Starting a business can be a big challenge for people in California and across the country. There are a lot of tasks to do when preparing for a launch. These can include securing premises, printing up business cards, setting up advertising and registering with the state and city. But before all of that, the most important step is deciding on a structure for the business.
There are multiple business structures to choose from. Sole proprietorships are the simplest way to organize a new enterprise. In this structure, there’s no division between personal and business assets. Limited liability companies, or LLCs, offer more protection for entrepreneurs. An LLC creates a separate business entity and shields the owners’ assets in the event of business liabilities.

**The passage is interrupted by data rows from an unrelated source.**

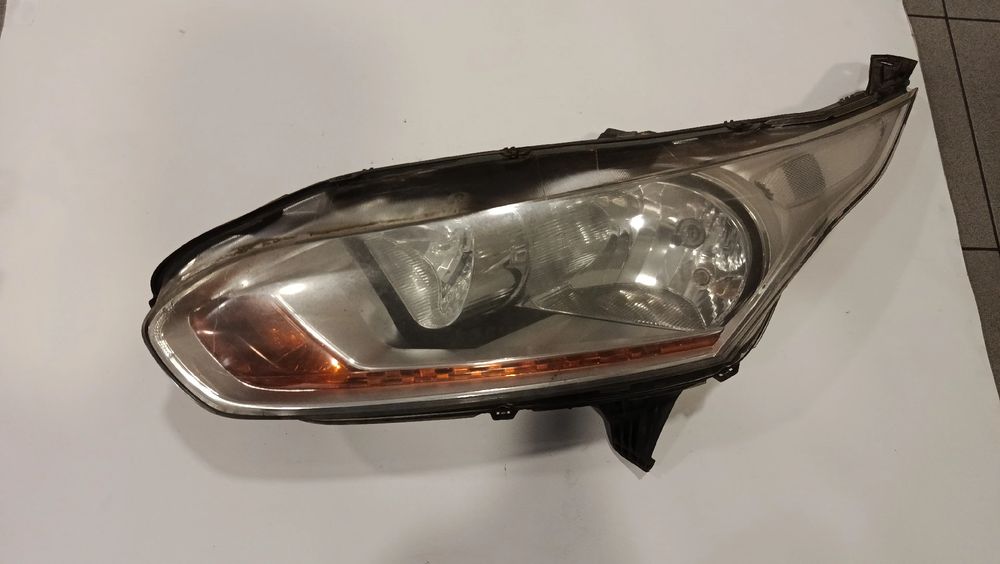 Ótica / farol esquerda FORD Transit Connect II (V408)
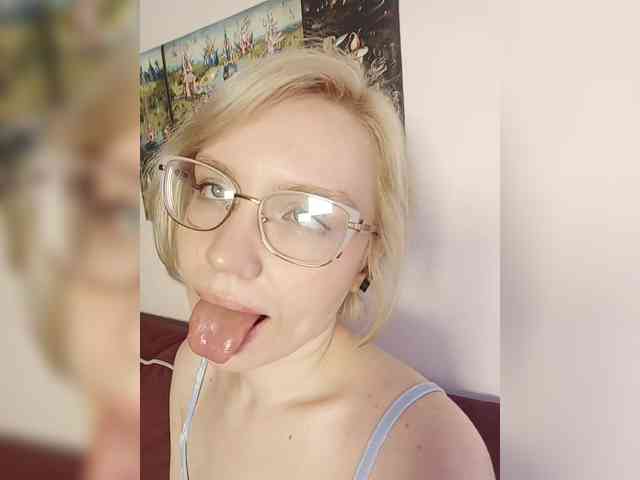 LadyAnny webcam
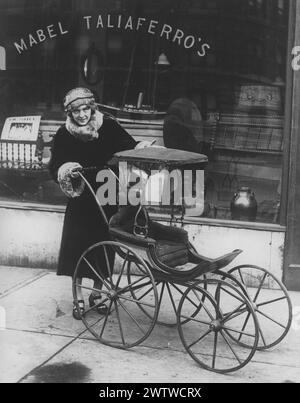 Mabel Taliaferro, Star der Bühne und Leinwand, geht in antike Shows Babywagen über 150 Jahre alt. Stockfoto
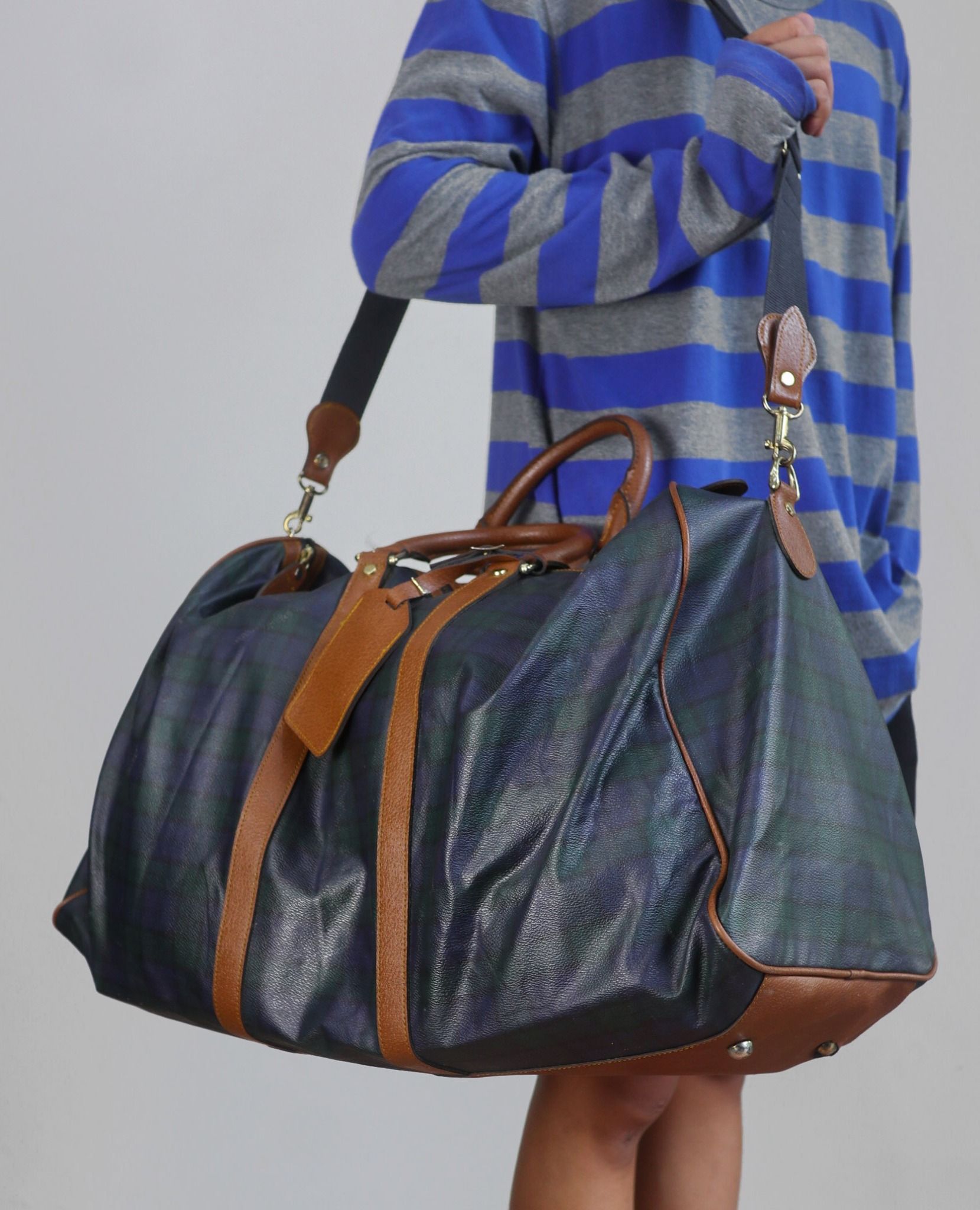  07.18.23 - VTG LEATHER BAG - LETTER 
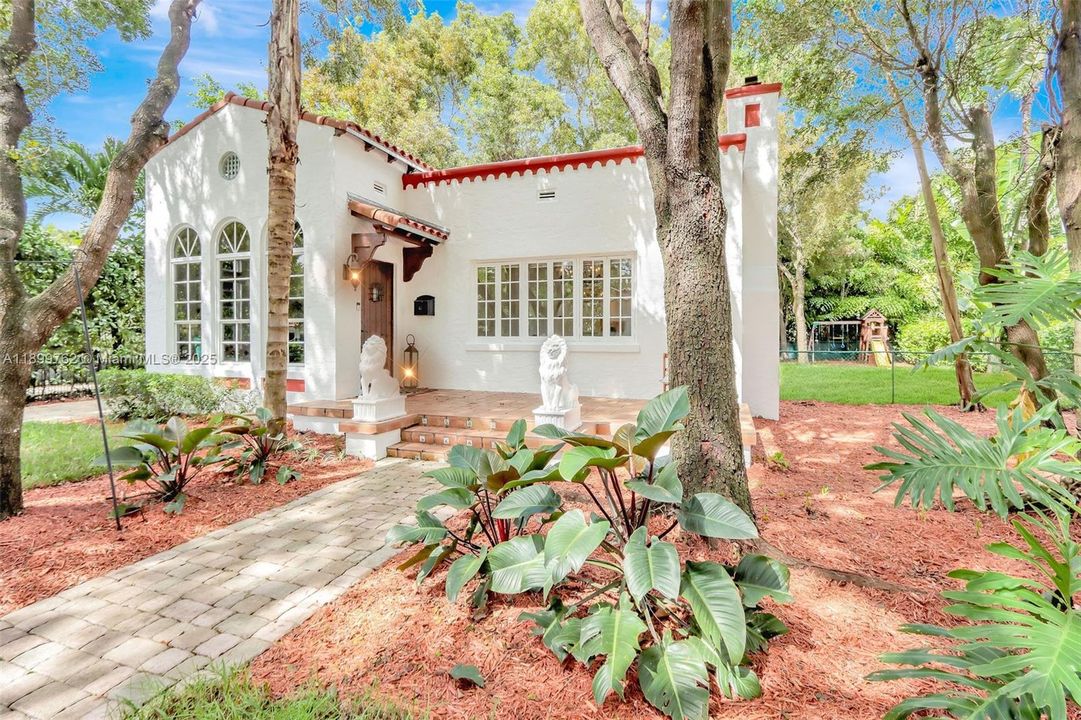 最近售出: $1,375,000 (3 贝兹, 2 浴室, 1622 平方英尺)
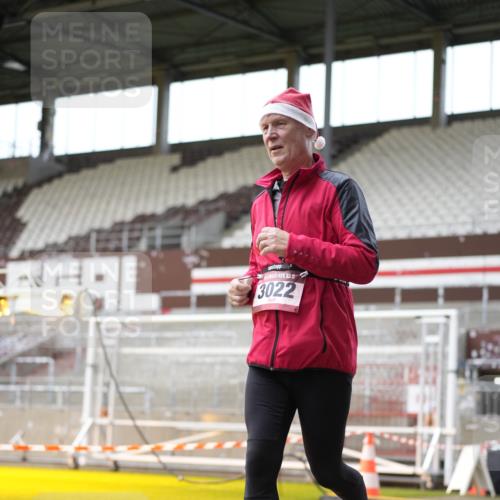 07.12.2025 - St. Pauli X-Mass-Run No. 15 Patografie http://msf.ph/oto/9391795 07.12.2025 10:43:18 Ziel 1053, 1616, 1814, 1936, 2052, 2053, 2724, 2726, 2761, 2762, 3022, 3038 meine-sportfotos.de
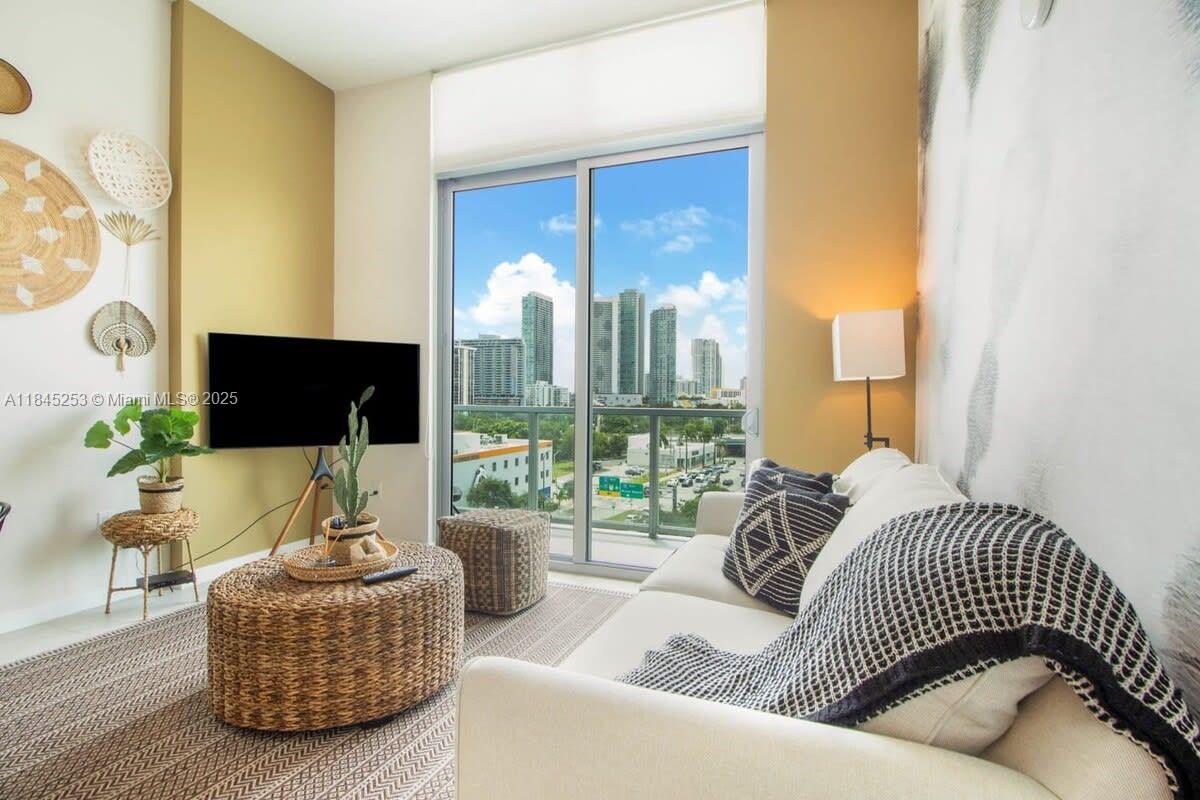 Miami FL 33137 - A11845253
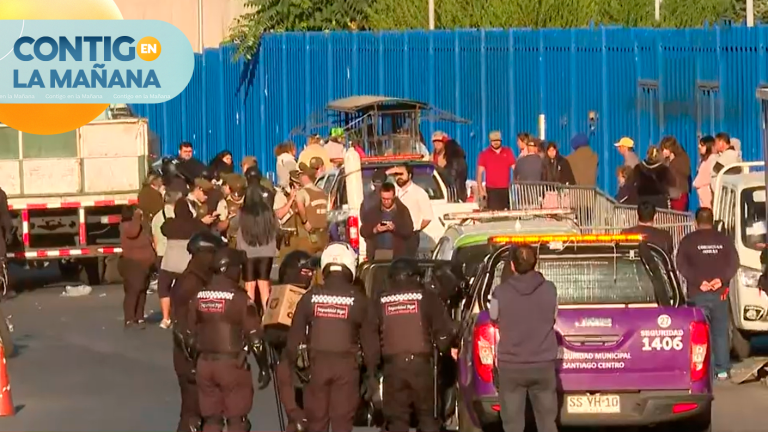 Operativo policial retiró toldos azules que rodeaban el frontis de la cárcel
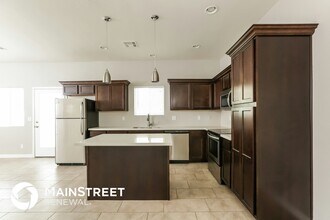 2000 N 36th St in Phoenix, AZ - Building Photo - Building Photo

LLCs are regulated at the state level. The rules of operation can be slightly different in California when compared to other states. In general, most businesses can set up as LLCs. Exceptions to this include some businesses in the financial industry, like banks and insurance companies. LLCs can be set up by an individual, partners or even by another LLC. Foreign businesses can set up LLCs to do business in the United States.
LLCs are automatically classified by the IRS for tax purposes. The IRS may decide to treat an LLC as an individual, corporation or partnership. When businesses disagree with the way the IRS has classified them, they are able to appeal the decision.
Before forming an LLC, it may be a good idea to consult with an attorney experienced in business law. Business formation attorneys may be able to provide advice to entrepreneurs and predict how the IRS will regard a new entity.